*** Opening of Listed entries ***

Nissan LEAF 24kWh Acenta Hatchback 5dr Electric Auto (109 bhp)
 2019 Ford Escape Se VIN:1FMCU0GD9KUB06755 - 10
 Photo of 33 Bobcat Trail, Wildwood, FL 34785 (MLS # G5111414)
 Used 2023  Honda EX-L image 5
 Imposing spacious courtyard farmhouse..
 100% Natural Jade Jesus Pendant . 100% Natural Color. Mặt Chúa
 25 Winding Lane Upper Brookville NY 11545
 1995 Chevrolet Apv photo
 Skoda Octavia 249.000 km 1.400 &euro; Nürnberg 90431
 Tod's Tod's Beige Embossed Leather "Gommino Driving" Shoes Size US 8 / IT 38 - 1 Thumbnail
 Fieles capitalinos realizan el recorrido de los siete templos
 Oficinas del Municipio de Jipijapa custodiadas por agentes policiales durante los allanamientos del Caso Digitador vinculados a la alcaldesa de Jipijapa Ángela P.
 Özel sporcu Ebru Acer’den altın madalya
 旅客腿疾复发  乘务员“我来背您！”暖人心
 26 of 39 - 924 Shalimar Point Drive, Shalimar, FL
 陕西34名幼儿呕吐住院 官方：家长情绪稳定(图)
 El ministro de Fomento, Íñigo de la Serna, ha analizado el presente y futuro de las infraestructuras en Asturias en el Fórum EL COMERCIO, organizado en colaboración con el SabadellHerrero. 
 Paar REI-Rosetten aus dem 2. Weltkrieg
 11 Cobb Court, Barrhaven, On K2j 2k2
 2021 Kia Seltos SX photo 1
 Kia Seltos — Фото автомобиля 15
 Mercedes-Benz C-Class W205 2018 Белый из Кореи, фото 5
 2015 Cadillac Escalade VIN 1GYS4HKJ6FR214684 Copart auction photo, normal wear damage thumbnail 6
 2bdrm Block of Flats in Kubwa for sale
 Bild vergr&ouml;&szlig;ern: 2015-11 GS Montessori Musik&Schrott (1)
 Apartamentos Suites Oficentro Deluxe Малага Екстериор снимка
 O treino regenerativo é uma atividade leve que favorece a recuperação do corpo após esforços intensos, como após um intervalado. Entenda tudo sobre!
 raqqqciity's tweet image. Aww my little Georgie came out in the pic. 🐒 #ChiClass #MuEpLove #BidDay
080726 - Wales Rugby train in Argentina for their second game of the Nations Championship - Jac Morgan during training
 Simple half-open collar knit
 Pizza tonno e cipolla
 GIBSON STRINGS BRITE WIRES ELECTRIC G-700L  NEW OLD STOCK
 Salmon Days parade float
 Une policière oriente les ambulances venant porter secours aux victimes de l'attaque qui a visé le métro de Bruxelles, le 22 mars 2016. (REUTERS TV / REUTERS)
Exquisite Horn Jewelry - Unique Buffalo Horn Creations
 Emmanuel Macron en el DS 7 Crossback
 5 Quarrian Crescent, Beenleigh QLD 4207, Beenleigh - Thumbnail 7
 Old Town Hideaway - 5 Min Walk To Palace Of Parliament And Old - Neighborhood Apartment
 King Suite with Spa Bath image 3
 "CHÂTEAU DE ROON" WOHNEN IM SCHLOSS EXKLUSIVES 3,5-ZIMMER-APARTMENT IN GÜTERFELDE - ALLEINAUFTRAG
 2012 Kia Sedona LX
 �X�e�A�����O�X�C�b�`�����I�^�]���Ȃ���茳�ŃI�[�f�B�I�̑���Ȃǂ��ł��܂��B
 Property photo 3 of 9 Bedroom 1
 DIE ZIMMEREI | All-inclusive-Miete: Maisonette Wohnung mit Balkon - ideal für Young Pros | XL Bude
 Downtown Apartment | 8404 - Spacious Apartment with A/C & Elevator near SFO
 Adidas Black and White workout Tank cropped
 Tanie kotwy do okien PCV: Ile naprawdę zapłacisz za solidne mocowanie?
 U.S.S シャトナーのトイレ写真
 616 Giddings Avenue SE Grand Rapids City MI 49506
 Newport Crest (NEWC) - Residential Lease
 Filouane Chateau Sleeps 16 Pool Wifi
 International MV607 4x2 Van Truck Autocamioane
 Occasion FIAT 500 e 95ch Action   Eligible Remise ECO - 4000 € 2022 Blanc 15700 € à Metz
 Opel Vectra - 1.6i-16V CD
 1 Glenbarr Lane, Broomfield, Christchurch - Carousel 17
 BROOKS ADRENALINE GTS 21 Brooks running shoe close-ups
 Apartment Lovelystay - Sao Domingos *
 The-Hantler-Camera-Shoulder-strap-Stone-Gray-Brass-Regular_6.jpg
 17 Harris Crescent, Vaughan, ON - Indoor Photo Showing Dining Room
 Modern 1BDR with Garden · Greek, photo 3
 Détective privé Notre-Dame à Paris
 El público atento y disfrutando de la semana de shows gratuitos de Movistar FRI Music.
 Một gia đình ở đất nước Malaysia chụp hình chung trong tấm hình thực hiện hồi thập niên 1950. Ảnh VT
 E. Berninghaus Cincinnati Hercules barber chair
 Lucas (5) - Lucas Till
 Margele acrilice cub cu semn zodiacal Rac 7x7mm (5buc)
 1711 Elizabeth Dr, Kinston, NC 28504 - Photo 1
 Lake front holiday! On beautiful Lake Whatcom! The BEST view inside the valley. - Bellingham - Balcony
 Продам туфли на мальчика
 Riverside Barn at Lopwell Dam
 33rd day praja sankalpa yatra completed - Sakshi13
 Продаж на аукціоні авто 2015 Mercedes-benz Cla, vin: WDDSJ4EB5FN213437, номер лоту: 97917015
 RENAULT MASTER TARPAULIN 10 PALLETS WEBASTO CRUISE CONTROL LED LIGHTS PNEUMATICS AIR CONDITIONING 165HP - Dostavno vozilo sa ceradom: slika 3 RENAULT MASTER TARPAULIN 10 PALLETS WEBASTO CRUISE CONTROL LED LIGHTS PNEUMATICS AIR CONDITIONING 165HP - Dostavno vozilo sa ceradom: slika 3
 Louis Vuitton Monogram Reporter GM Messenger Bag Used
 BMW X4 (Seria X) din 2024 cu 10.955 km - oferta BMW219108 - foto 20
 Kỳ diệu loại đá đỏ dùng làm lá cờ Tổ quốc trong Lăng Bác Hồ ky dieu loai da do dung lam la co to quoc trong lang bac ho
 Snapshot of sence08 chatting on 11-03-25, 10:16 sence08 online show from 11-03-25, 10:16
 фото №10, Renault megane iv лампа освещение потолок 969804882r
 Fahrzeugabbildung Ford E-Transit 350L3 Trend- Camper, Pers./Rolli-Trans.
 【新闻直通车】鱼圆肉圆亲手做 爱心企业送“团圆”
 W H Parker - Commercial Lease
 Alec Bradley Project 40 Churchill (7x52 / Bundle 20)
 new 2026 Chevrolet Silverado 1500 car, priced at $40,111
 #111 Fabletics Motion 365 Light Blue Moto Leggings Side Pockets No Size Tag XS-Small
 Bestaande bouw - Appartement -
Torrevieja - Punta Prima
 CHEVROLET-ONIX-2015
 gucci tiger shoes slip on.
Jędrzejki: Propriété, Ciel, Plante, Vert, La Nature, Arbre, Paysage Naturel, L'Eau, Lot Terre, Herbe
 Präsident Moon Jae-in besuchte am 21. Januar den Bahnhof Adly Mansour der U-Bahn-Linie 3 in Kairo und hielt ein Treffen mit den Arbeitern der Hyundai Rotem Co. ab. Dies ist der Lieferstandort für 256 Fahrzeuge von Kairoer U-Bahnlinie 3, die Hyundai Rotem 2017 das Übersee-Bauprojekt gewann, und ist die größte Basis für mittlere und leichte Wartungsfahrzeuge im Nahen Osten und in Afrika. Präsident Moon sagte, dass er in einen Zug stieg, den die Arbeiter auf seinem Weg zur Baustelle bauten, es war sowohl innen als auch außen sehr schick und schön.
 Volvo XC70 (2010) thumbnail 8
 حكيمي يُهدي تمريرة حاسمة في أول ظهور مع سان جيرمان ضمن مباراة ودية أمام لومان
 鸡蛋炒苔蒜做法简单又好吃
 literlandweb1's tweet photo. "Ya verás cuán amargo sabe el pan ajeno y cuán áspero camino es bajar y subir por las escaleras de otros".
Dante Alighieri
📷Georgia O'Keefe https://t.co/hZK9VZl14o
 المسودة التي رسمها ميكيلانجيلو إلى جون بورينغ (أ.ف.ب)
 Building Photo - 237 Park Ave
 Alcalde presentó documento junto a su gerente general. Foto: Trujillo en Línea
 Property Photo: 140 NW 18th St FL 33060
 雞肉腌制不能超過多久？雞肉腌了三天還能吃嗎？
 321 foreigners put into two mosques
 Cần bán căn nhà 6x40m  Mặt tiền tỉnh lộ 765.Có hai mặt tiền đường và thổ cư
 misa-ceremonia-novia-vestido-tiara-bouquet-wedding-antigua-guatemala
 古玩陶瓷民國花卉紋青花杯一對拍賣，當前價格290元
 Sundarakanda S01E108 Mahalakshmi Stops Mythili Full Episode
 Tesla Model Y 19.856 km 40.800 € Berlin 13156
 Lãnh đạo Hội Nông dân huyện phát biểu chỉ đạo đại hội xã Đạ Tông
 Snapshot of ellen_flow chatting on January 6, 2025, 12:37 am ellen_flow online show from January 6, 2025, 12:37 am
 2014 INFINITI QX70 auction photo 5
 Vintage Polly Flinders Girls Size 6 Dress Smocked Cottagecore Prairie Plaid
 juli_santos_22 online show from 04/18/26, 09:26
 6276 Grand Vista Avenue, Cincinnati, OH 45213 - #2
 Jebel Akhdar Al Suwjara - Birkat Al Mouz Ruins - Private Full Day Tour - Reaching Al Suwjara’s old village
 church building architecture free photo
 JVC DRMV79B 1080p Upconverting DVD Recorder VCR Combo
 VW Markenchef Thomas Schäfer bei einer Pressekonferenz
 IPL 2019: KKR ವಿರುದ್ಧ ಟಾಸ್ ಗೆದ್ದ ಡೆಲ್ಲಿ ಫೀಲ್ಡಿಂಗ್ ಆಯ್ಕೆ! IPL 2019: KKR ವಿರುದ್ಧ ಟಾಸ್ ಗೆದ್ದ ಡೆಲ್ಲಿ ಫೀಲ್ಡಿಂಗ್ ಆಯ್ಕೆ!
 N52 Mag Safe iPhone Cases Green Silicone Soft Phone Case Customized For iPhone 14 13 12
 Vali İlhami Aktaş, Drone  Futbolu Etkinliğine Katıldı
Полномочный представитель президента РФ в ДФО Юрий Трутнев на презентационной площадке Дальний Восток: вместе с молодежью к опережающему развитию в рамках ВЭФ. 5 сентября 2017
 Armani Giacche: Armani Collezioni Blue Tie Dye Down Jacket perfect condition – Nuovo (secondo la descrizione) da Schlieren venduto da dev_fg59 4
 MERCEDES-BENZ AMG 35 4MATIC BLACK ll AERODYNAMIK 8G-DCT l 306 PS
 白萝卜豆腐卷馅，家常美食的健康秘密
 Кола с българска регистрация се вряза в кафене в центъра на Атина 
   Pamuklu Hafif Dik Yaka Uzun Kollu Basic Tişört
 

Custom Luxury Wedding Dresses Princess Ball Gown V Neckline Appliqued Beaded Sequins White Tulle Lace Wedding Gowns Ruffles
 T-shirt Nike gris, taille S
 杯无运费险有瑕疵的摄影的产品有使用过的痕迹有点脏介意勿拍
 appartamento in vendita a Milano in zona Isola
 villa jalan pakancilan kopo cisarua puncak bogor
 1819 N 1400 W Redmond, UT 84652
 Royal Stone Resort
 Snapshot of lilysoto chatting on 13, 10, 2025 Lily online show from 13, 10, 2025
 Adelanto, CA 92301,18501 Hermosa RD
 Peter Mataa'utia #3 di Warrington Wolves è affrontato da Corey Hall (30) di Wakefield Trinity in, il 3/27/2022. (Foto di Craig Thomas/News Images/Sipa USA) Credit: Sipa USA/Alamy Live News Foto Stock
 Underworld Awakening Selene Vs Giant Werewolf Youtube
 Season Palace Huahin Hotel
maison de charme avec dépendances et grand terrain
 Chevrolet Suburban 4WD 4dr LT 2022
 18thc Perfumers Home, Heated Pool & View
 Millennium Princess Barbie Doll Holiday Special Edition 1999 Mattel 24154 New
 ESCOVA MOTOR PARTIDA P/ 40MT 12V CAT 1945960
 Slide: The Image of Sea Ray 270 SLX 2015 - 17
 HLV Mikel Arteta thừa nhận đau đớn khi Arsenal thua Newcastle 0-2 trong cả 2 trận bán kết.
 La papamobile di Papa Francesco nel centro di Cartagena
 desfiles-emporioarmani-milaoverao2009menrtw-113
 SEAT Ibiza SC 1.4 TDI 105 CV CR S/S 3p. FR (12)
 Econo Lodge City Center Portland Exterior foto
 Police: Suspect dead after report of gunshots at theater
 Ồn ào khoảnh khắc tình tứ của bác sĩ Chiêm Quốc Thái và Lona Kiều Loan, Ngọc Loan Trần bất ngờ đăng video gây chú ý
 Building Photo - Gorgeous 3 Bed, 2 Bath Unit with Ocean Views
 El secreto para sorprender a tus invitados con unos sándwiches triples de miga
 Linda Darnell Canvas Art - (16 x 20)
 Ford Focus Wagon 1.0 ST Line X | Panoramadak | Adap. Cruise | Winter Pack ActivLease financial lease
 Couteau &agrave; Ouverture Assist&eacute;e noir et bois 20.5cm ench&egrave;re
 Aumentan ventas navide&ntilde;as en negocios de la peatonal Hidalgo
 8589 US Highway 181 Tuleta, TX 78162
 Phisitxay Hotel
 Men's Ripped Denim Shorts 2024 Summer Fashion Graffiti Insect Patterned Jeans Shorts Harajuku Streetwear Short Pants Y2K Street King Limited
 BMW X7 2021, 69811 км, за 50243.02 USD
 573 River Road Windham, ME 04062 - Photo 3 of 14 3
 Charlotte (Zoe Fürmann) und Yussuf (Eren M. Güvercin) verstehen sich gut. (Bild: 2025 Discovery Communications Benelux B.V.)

*** Close of Listed entries ***

- Exercise prompt -
Only the lines from the one containing "Oficinas del Municipio" through the one containing "raqqqciity's tweet image." are to be retyped, both boundary lines included, with no other material.

- Reply -
 Oficinas del Municipio de Jipijapa custodiadas por agentes policiales durante los allanamientos del Caso Digitador vinculados a la alcaldesa de Jipijapa Ángela P.
 Özel sporcu Ebru Acer’den altın madalya
 旅客腿疾复发  乘务员“我来背您！”暖人心
 26 of 39 - 924 Shalimar Point Drive, Shalimar, FL
 陕西34名幼儿呕吐住院 官方：家长情绪稳定(图)
 El ministro de Fomento, Íñigo de la Serna, ha analizado el presente y futuro de las infraestructuras en Asturias en el Fórum EL COMERCIO, organizado en colaboración con el SabadellHerrero. 
 Paar REI-Rosetten aus dem 2. Weltkrieg
 11 Cobb Court, Barrhaven, On K2j 2k2
 2021 Kia Seltos SX photo 1
 Kia Seltos — Фото автомобиля 15
 Mercedes-Benz C-Class W205 2018 Белый из Кореи, фото 5
 2015 Cadillac Escalade VIN 1GYS4HKJ6FR214684 Copart auction photo, normal wear damage thumbnail 6
 2bdrm Block of Flats in Kubwa for sale
 Bild vergr&ouml;&szlig;ern: 2015-11 GS Montessori Musik&Schrott (1)
 Apartamentos Suites Oficentro Deluxe Малага Екстериор снимка
 O treino regenerativo é uma atividade leve que favorece a recuperação do corpo após esforços intensos, como após um intervalado. Entenda tudo sobre!
 raqqqciity's tweet image. Aww my little Georgie came out in the pic. 🐒 #ChiClass #MuEpLove #BidDay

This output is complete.